The worldwide annual rate of motor vehicle related deaths is apparently 17.4 per 100,000. The highest rate is in Africa at 26.6, Honduras at 17.4, and the US at 10.6 per 100,000. In general, and the reasons are numerous, there is a higher rate in so-called third world countries than in the “first world.”

So what does this have to do with anything? I know Honduras very well, and can state unequivocally that it is common and typical for any number of people to hop in the back of pick-up trucks and go barreling down the pothole laden two-lane corridors of death which is their national highway system. I’ve done it myself enough times and it is probably one of the worst practices in regards to vehicular safety, but no one bats an eye, including the cops. It is, however, illegal in Honduras to drive while smoking, using a cell phone, and to not wear a seatbelt. For those who know the New Testament this might bring to mind the words of Jesus in Matthew 7:3, “Why do you look at the speck of sawdust in your brother’s eye and pay no attention to the plank in your own eye?

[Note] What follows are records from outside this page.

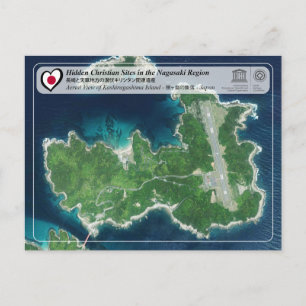 Cartão Postal Patrimônio Mundial da UNESCO - Aldeias na Ilha Kas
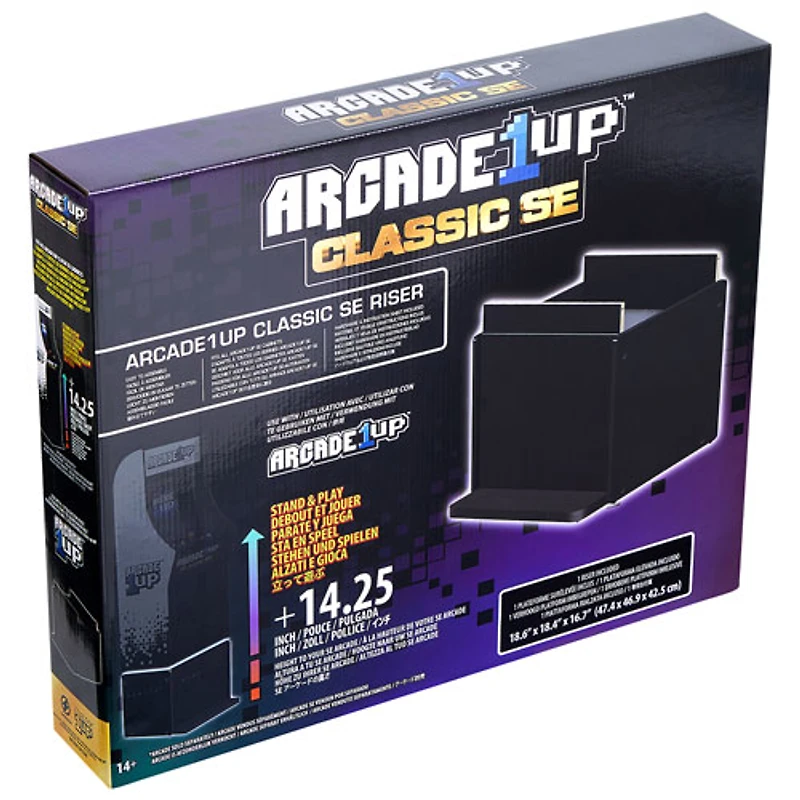Arcade1Up 14.25” Classic SE Riser - Black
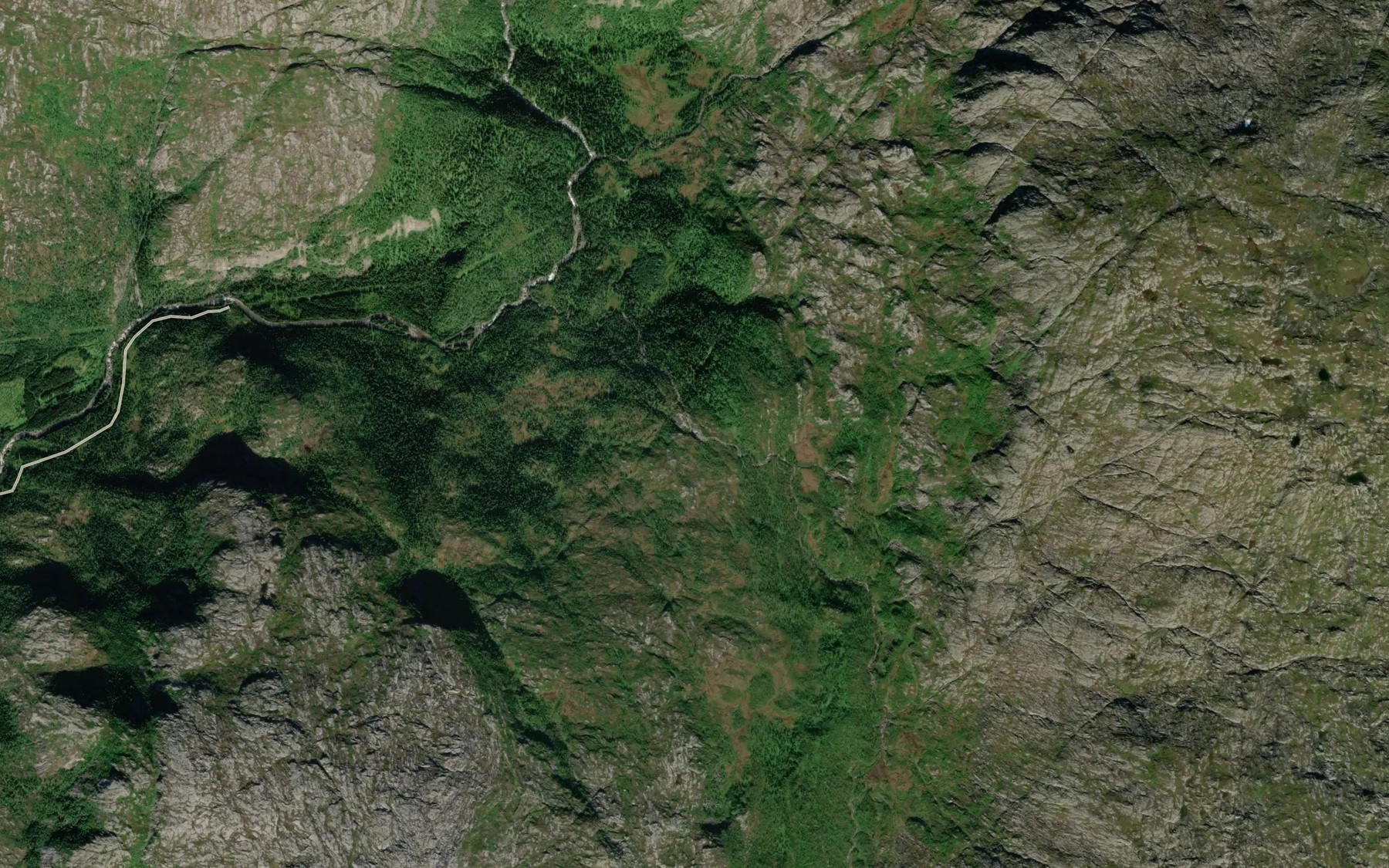 Satellite map of the Kjerrneselva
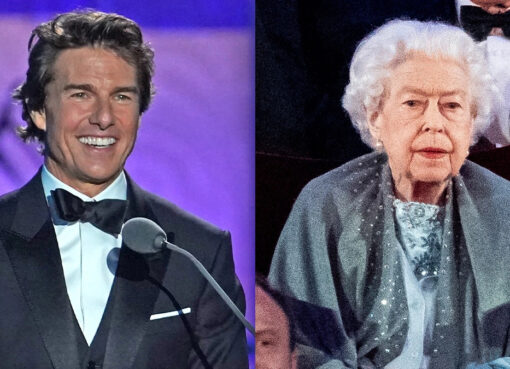Queen Elizabeth and Tom Cruise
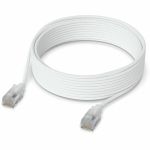 Ubiquiti UniFi Patch Cat 6A Cable 5M UniFi Premium Cat 6A Patch Cable 5M White - Ultra-thin braided shielded RJ45 patch cable designed and optimized for 10 GbE networking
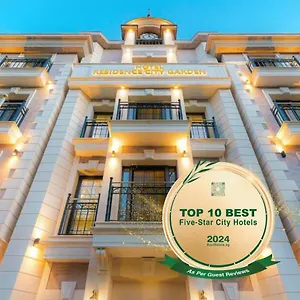 5* Hotel Garden - Certificate Of Excellence 10 Five-stars For 2024 Awarded By Htif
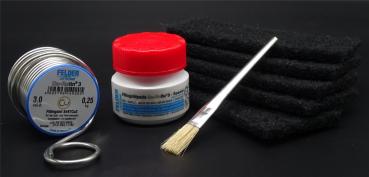 250g Fittingslot 3mm Cu-Rotin®3 100g Cu-Rofix®3 Weichlot Fitting Kupferrohr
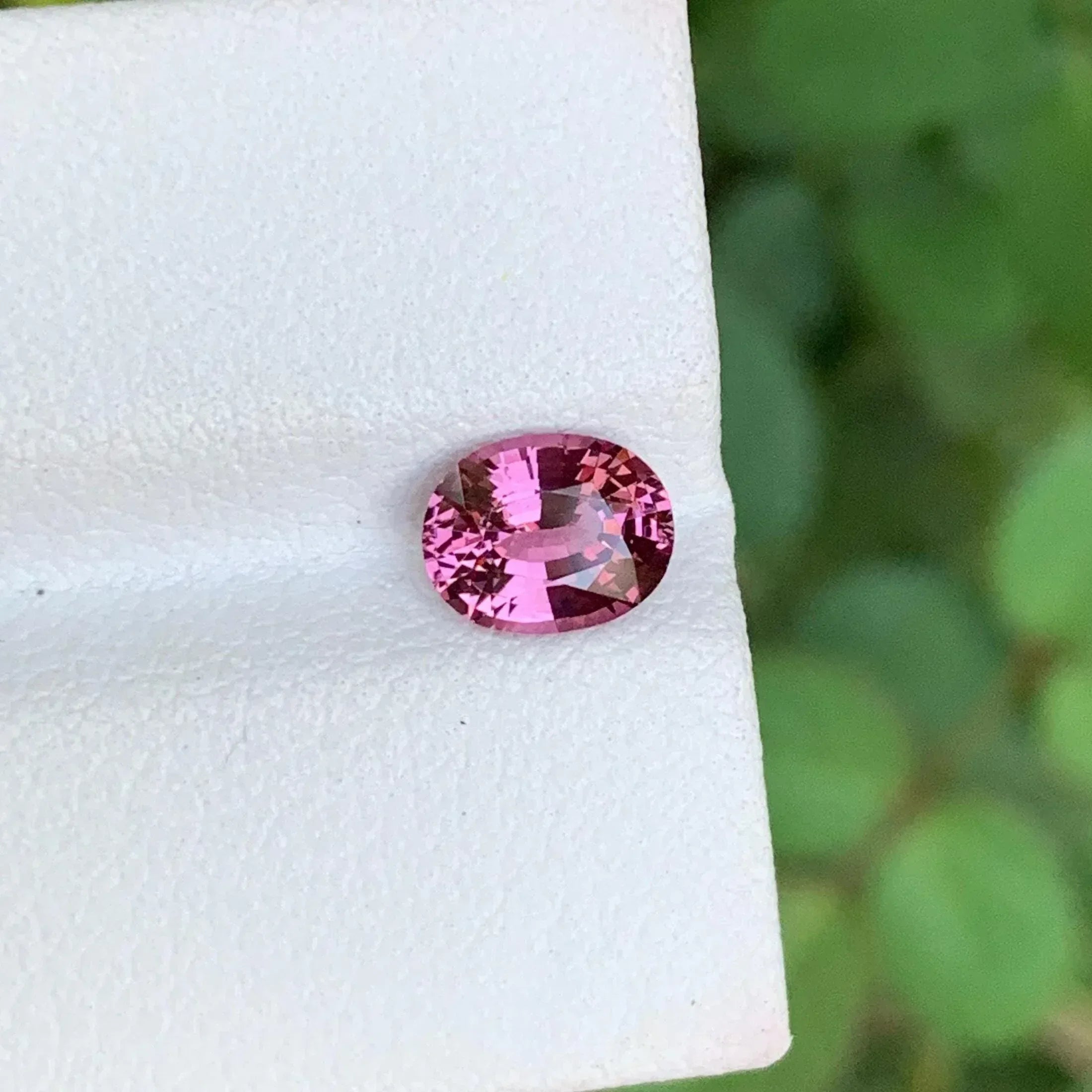 Blush Pink Spinel Stone: 1.30 CTS Faceted Oval Burma Gem - Splendor Gems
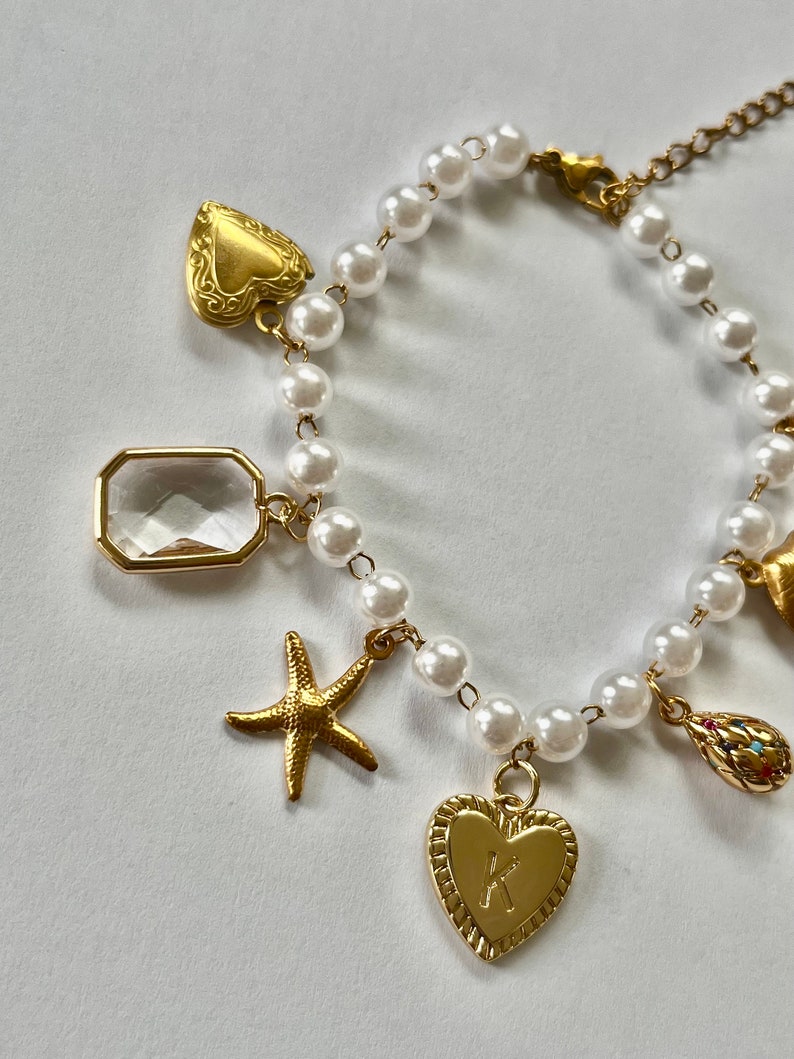 Progetta il tuo braccialetto con ciondoli in oro personalizzato Progetta il tuo braccialetto con ciondoli in oro immagine 3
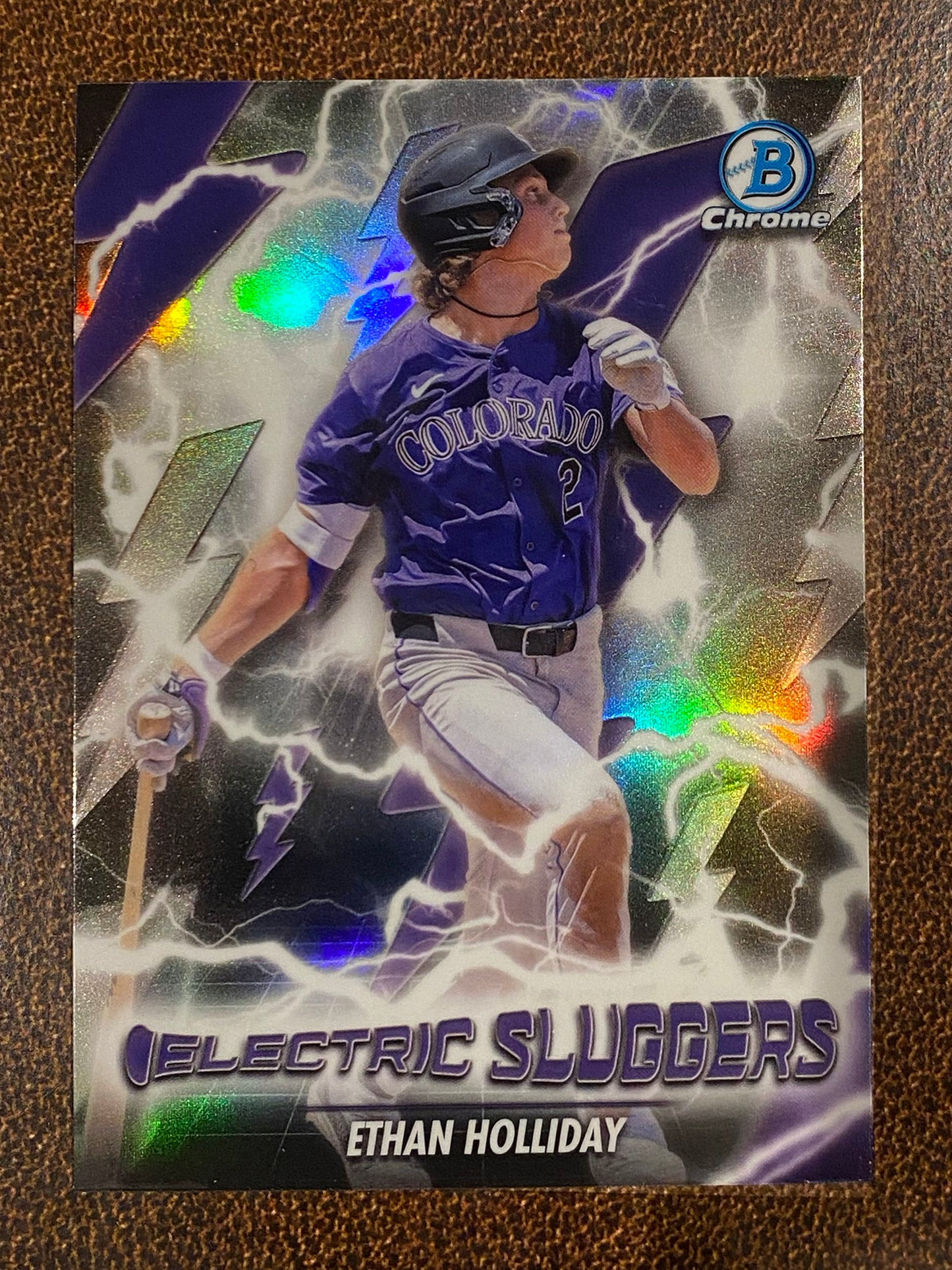 Ethan Holliday - 2026 Bowman - Electric Sluggers Insert - Rockies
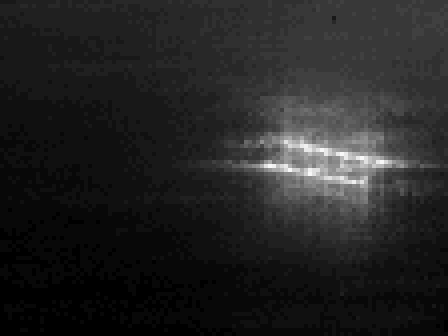 Detail (4x) of Mercury in daily median from <span>HI 1</span>-A on 2011/11/30 15:03Z (T1): 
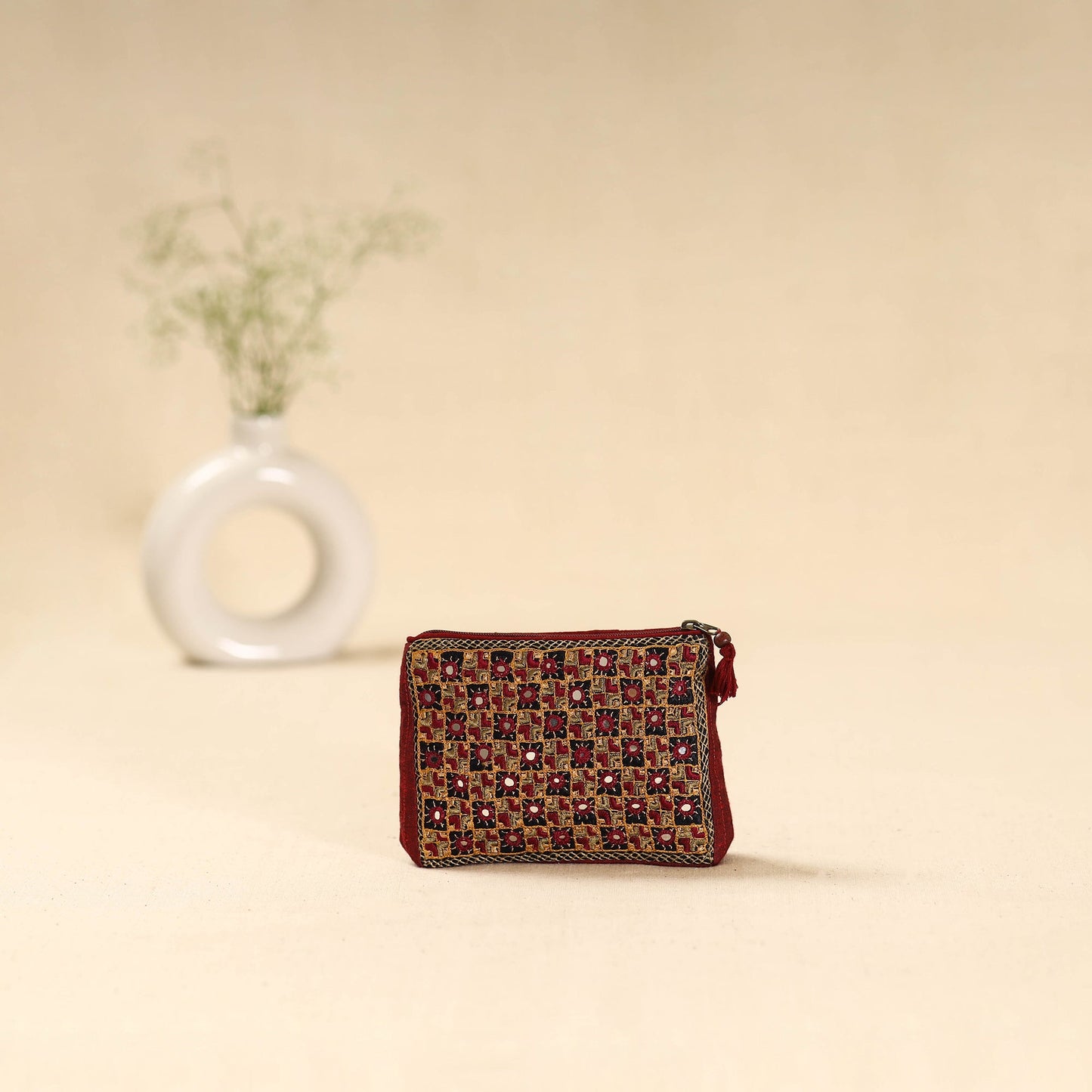 Kutch pakko neran hand embroidered cosmetic pouch 194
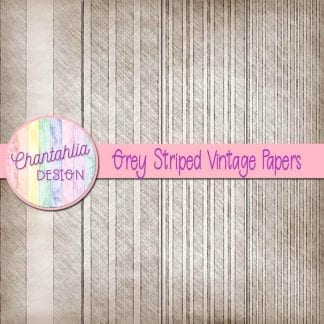 free grey striped vintage papers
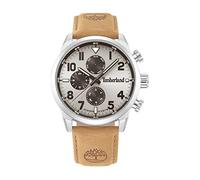Timberland TDWGF0009503 - Reloj analógico de Cuarzo para Hombre con Correa de Piel, marrón, Moderno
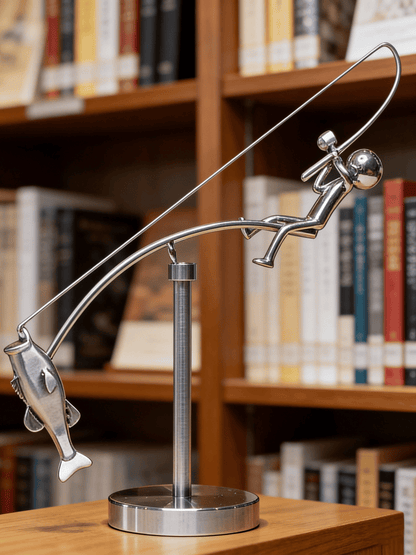🎣 Designad skulptur av en fiskare – Limited Edition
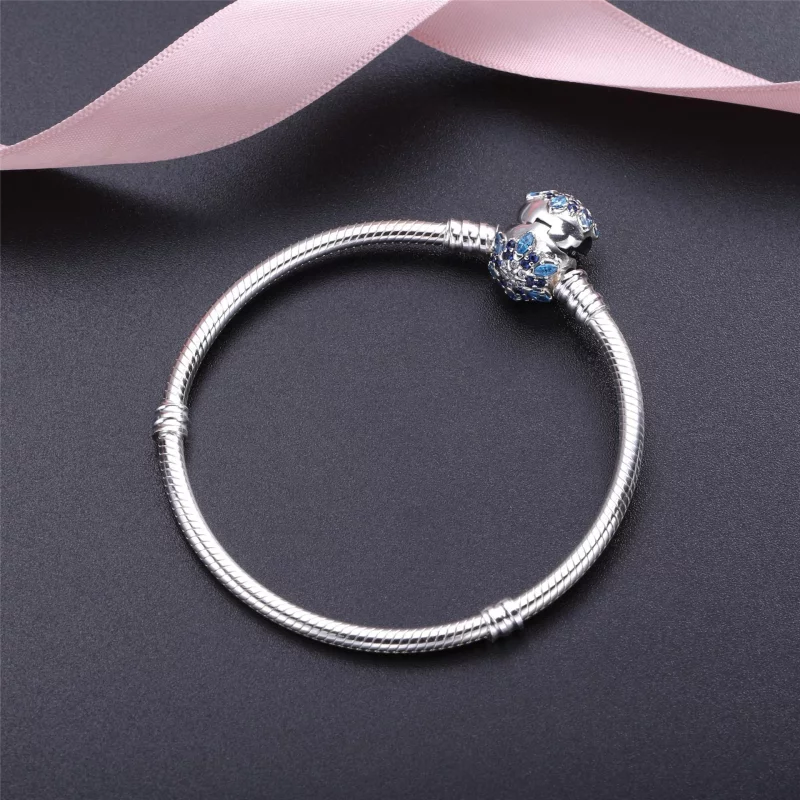 (image pour) PANDORA - Bracelet en Argent, Flocon de neige Classique - PE00029-1 - Afficher 3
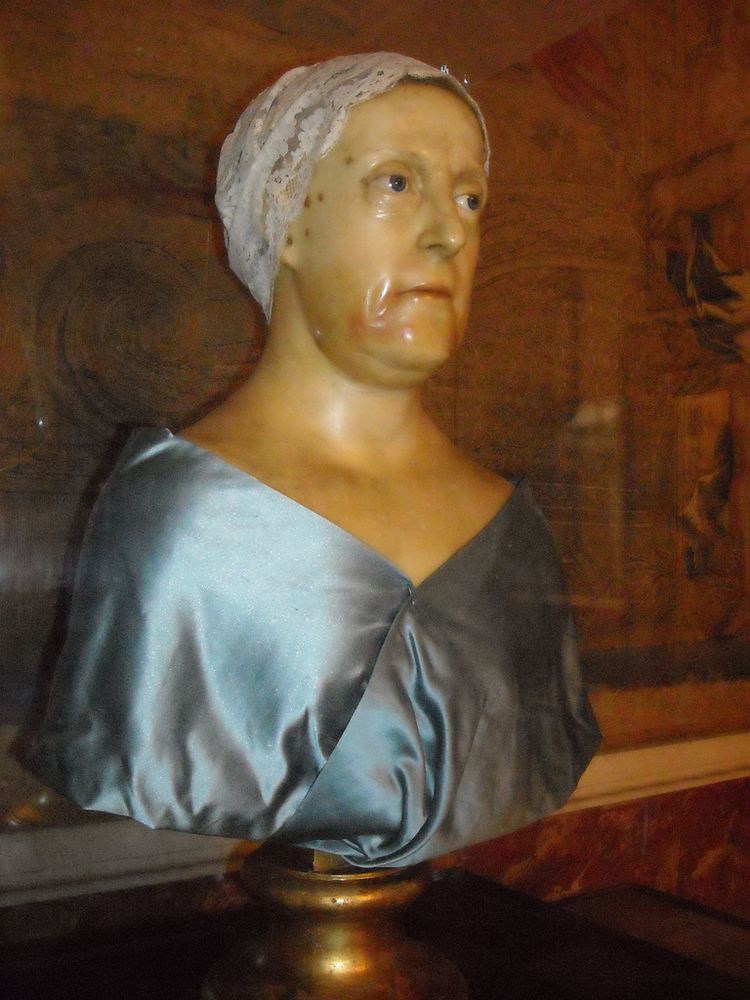 Maria Carolina of Austria Bust in wax and glass of Maria Carolina of Austria Quen
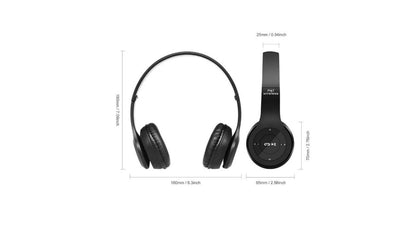 Casti Wireless Profesionale R47 idealSTORE, Control volum, Lumini led de semnalizare, Bluetooth 4,1, Card SD, Mp3 Player, Radio FM, Autonomie 15 ore, Distanta fuctionala 10 m, Culoare Negru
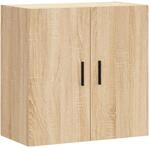 vidaXL Wandschrank Sonoma-Eiche 60x31x60 cm Holzwerkstoff Modell 6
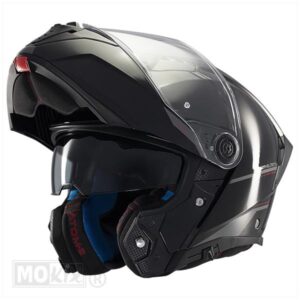 HELM ATOM 2 SV SOLID GLOSS ZWART (Maat S) - Afbeelding 7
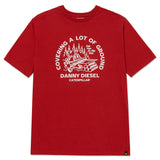 Polera Manga Corta Casual Hombre RETRO DANNY DIESEL GRAPHIC TEE Roja Cat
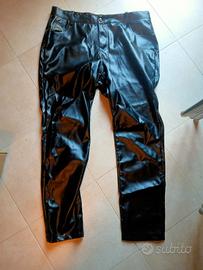 pantaloni uomo in ecopelle taglia 52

I am, of course, not privy to the legislative machinations of governments that are perpetual recipients of foreign aid but have a theory when it comes to laws that concentrate on a speck of dust but ignore the gaping eye wound. Somewhere in the comfort of the US or European Union there are politicians or non-profit progressive special interest groups who can’t imagine the entire world doesn’t share their concerns and values, anti-smoking activists for example (what enlightened person doesn’t want to have a group for whom they can show contempt?). While somewhere there is perhaps a legitimate goal of improving health, their focus becomes the means, not the result, and even the most oblique attack on their target is justified. Hence, a well-funded organization can perhaps influence the pertinent foreign policy people and say, “It would be a righteous thing if we could demand other countries pass anti-smoking laws.” Attach a little bit of foreign aid, ostensibly to help enact the law and, Que Bueno, the money goes into some corrupt politicians pocket and there is an essentially meaningless new law just waiting to be broken.